— DATA FOR ANALYSIS —
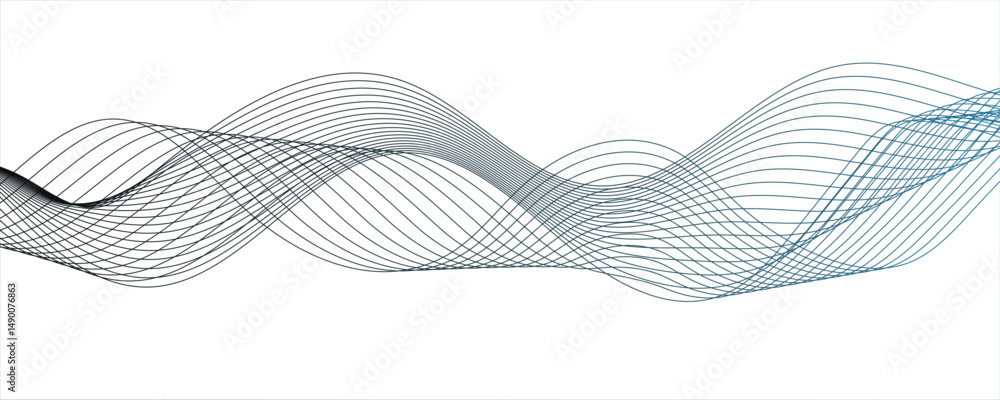 Poster abstract wave line for banner wallpaper background with design.frequency sound wave, twisted curve l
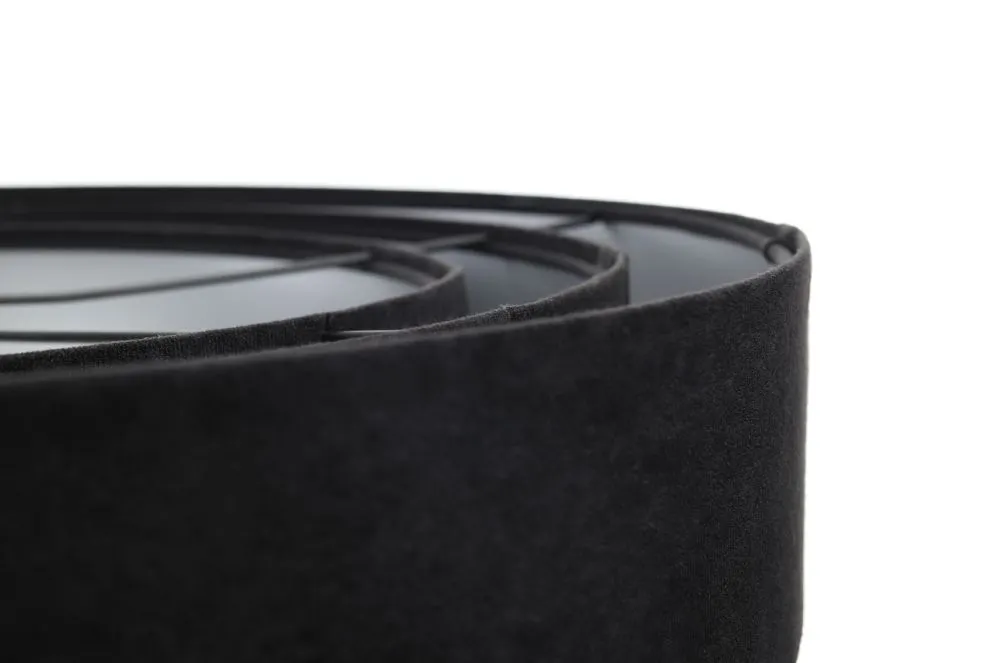 Lampa wisząca TRIO czarna/srebrna w stylu glamour | MIRAT. w stylu  kolekcja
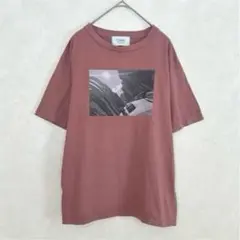 最終価格　OWN LAUTREAMONT フォトプリント　Tシャツ　ピンク系　M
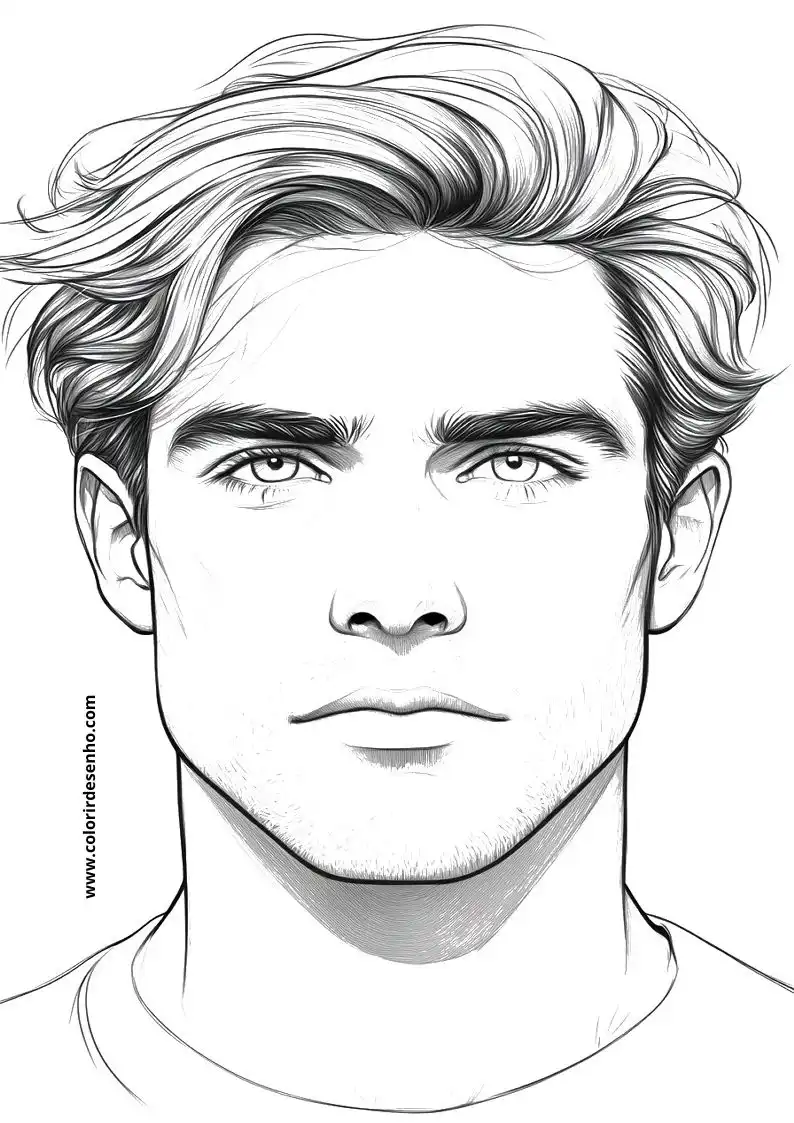 Man's Face Coloring Pages 8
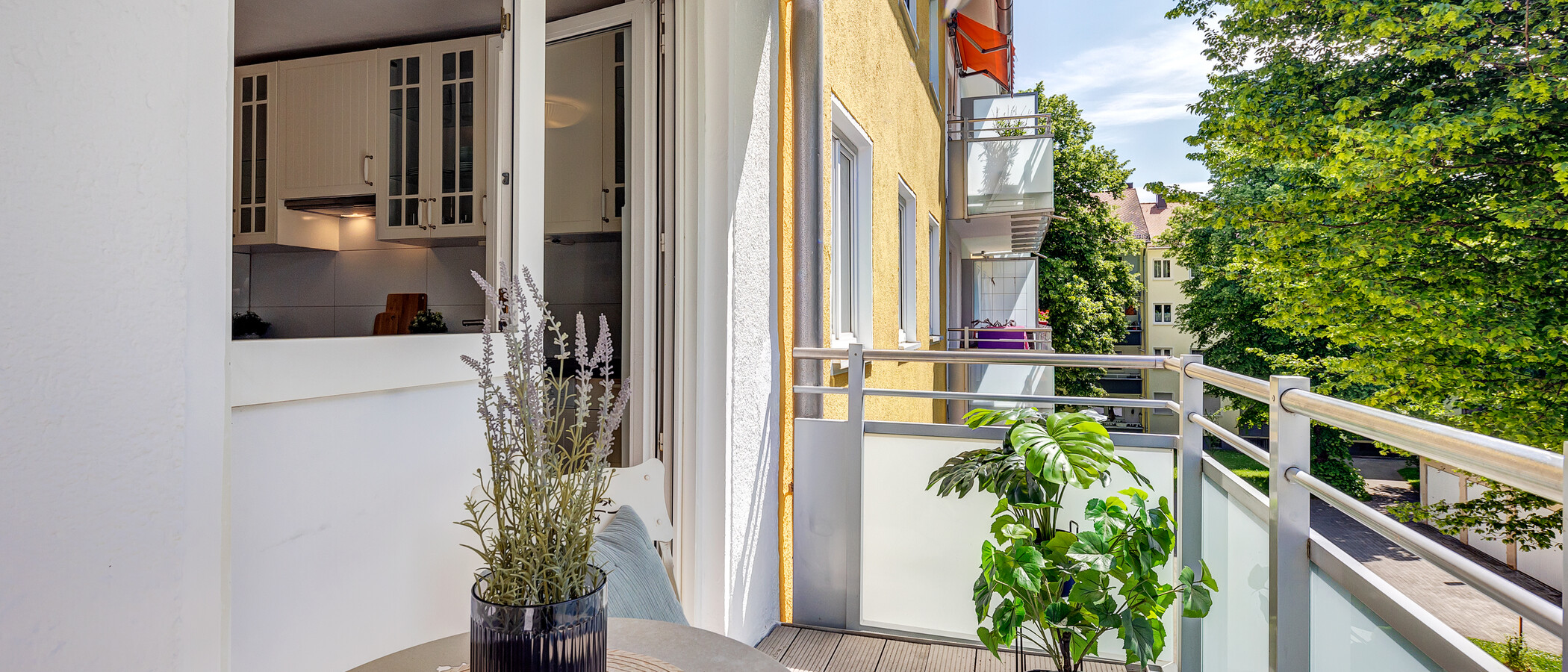 Wohnung München Berg am Laim 03 Balkon 7897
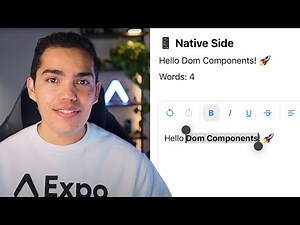 How to implement a Rich Text Editor using DOM Components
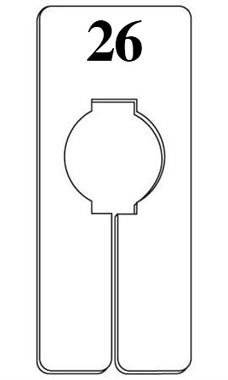 Rectangular Size Divider Size 26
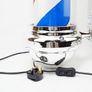 NEW SALE | Barber Shop Pole Red White Blue Illuminating and Rotating Stripes with LED Bulb 60 cm Image 5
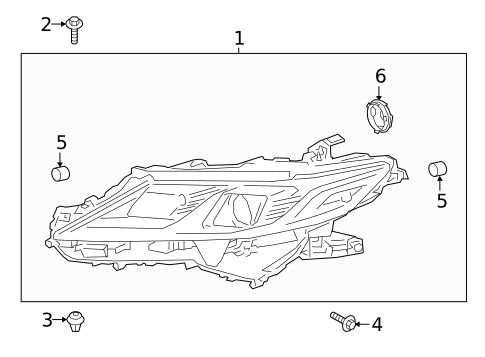 Headlamp Components for 2019 Toyota Camry #3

— TASK DETAILS —
What you give back must be exactly the lines of the listing above from the line containing "How to implement" through its last line, inclusive, without pictures, please.

— COMPLETED TASK —
 How to implement a Rich Text Editor using DOM Components
 Rectangular Size Divider Size 26
 NEW SALE | Barber Shop Pole Red White Blue Illuminating and Rotating Stripes with LED Bulb 60 cm Image 5
 Headlamp Components for 2019 Toyota Camry #3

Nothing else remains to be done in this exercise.